Spanish filmmaker Carla Simón made her debut in the Cannes Film Festival competition on Wednesday afternoon, world premiering her latest work, Romería, to an 11-minute ovation.
Simón, directing from her own screenplay, here tells the story of Marina (Llúcia Garcia), an 18-year-old who was orphaned at a young age, and must travel to Spain’s Atlantic coast to obtain a signature for a scholarship application from the paternal grandparents she has never met. She navigates a sea of new aunts, uncles and cousins, uncertain whether she will be embraced or face resistance.
The experience stirs long-buried emotions as Marina pieces together the fragmented and often contradictory memories of the parents she barely remembers.
This is Simón’s third feature after Summer 1993 (2017) and Alcarràs (2022). The latter won the Golden Bear in Berlin and was selected as Spain’s entry for the Best International Feature Film Oscar.

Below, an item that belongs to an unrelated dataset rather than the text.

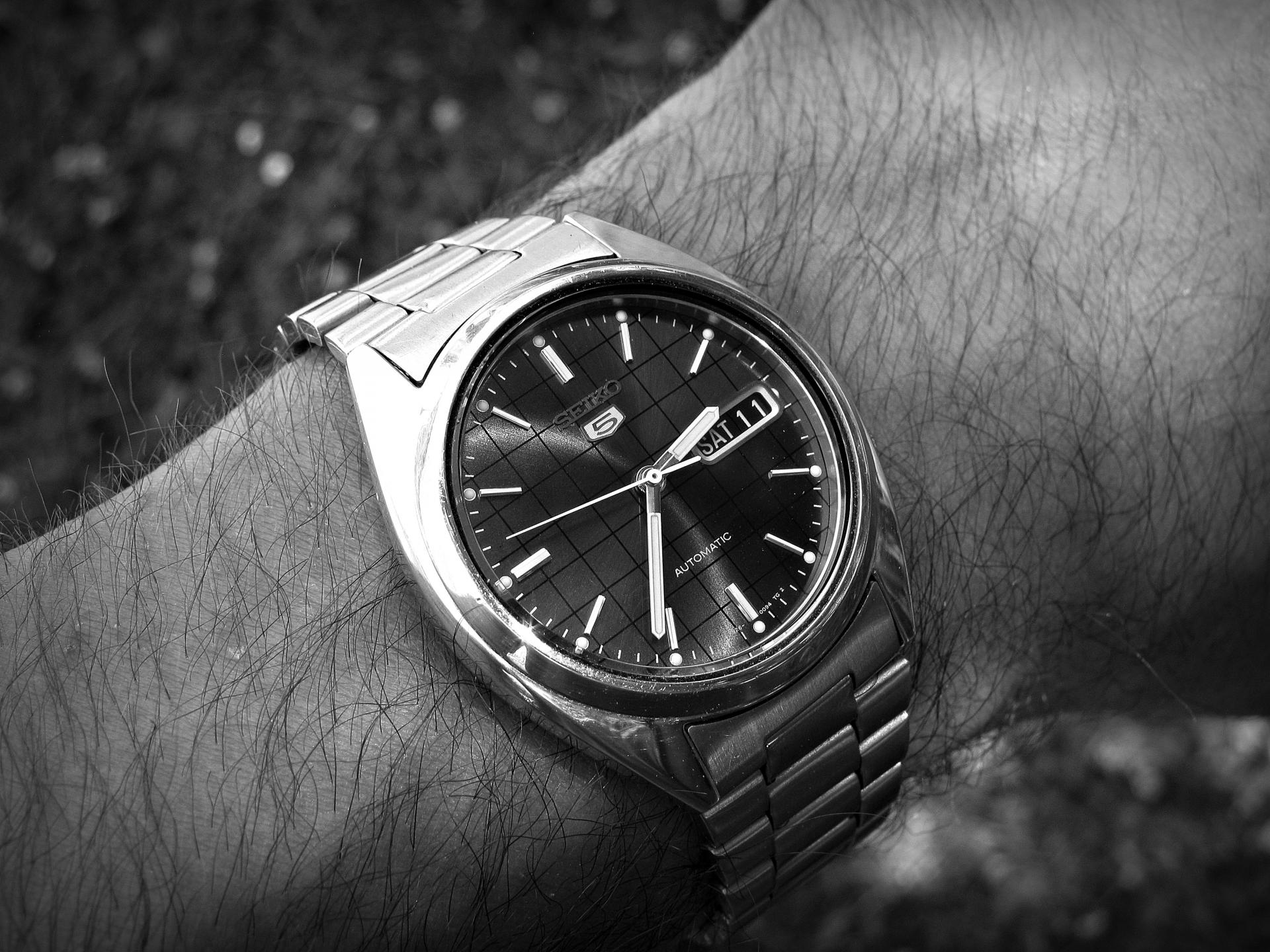 Naziv: IMG_2182 ....jpg, pregleda: 174, veličina: 374,5 KB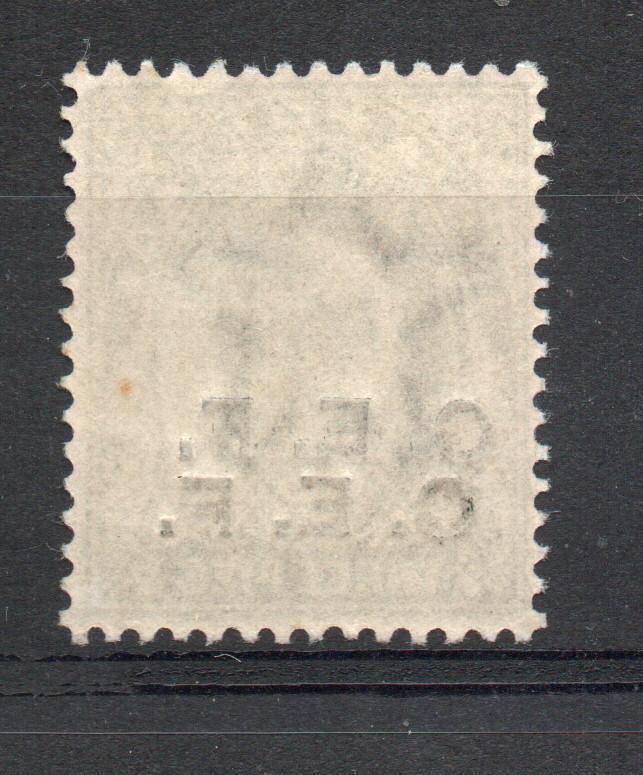 INDIA SG 12a CHINESE EXPEDITIONARY FORCE DOUBLE OVERPRINT ONE ALBINO MNH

Those films were shot in the middle of the Catalonian countryside. With Romería, she embraces her Galician roots, mixing professional and non-professional actors.
Simón has said Romería is “a film about the importance of family memory: and about how to shape your identity. When you can’t shape your identity through others, you can invent it through creation. Cinema is there for that: creating images that don’t exist.”